*EXERCISE REQUIREMENTS*
Your copy should contain exactly the lines from the one that holds "Vouacapoua americana Bark" through the end of the material, reproduced as written, with no pictures.

Content starts

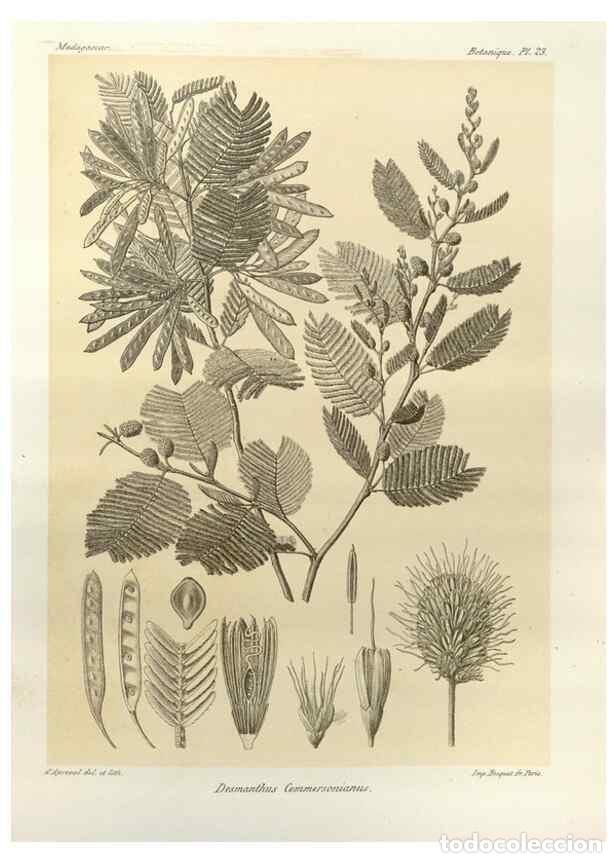 Collectionnisme de Revues et Journaux: Reproducci&oacute;n/Reproduction 49785833836: Histoire physique, naturelle, et politique de Madagascar. Par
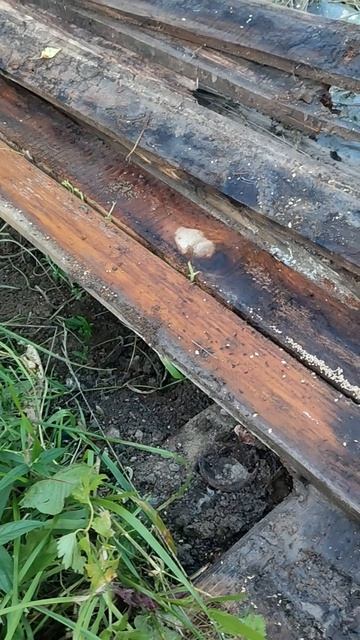 мы убили сороконожку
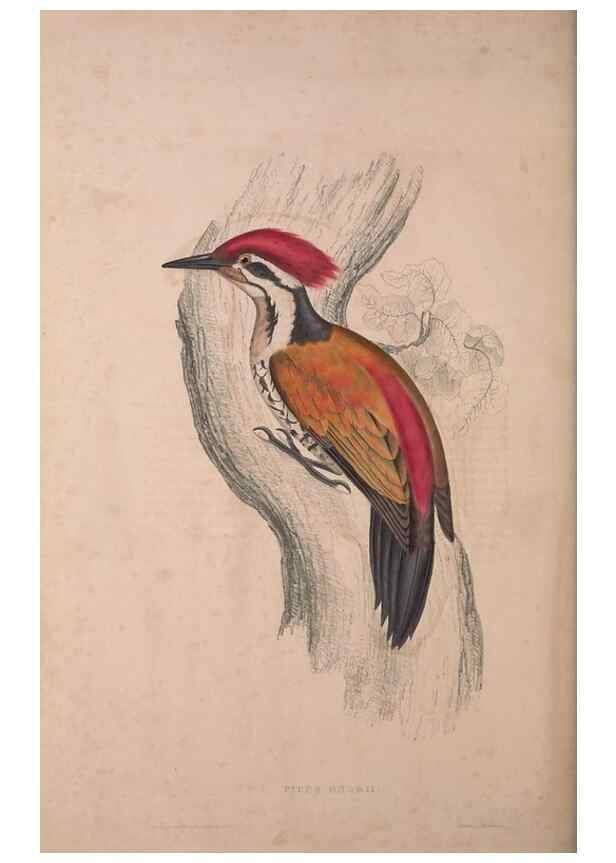 Reproducción/Reproduction 9240040196: A century of birds from the Himalaya Mountains.. London,1831.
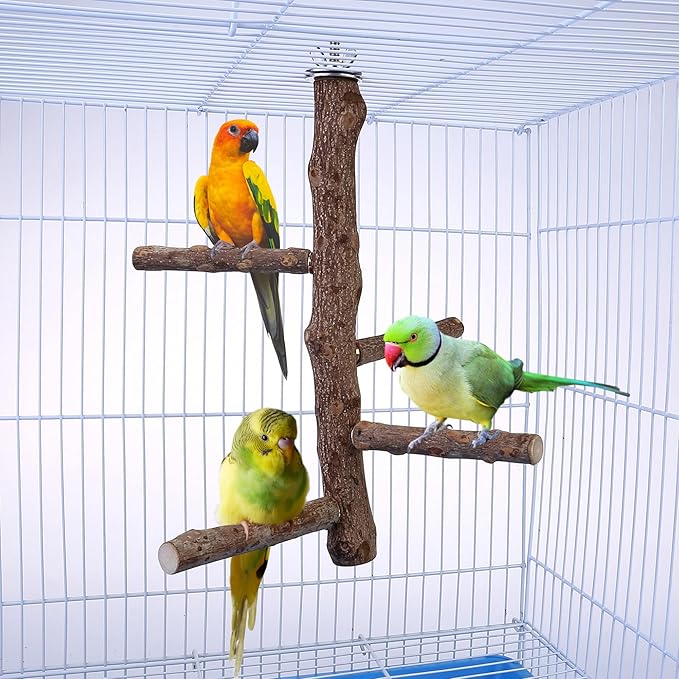 CozyCabin Bird Perch Stand Natural Wood Cage Perch Bird Cage Accessorie Toys Standing Rack for Cockatiels, Parakeets, Macaw, Small Birds Exercise Training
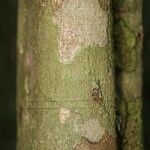 Vouacapoua americana Bark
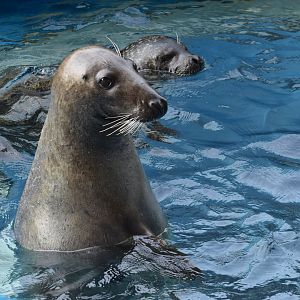 Grey seal (Halichoerus grypus) and spotted seal (Phoca largha)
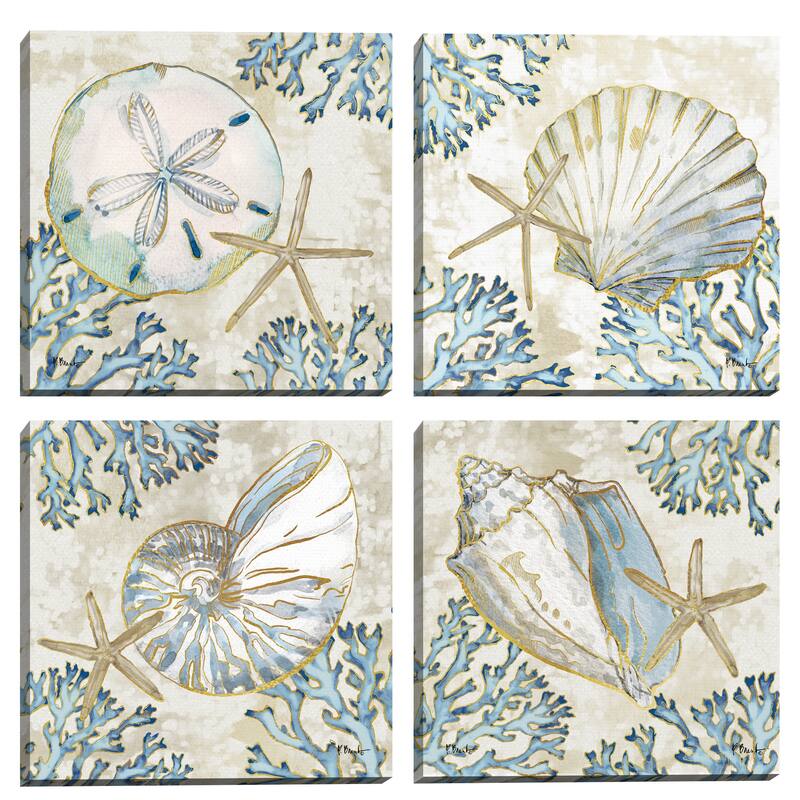 Playa Shells I - IV by Paul Brent Canvas Art Prints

Content ends

*EXERCISE ANSWER*
 Vouacapoua americana Bark
 Grey seal (Halichoerus grypus) and spotted seal (Phoca largha)
 Playa Shells I - IV by Paul Brent Canvas Art Prints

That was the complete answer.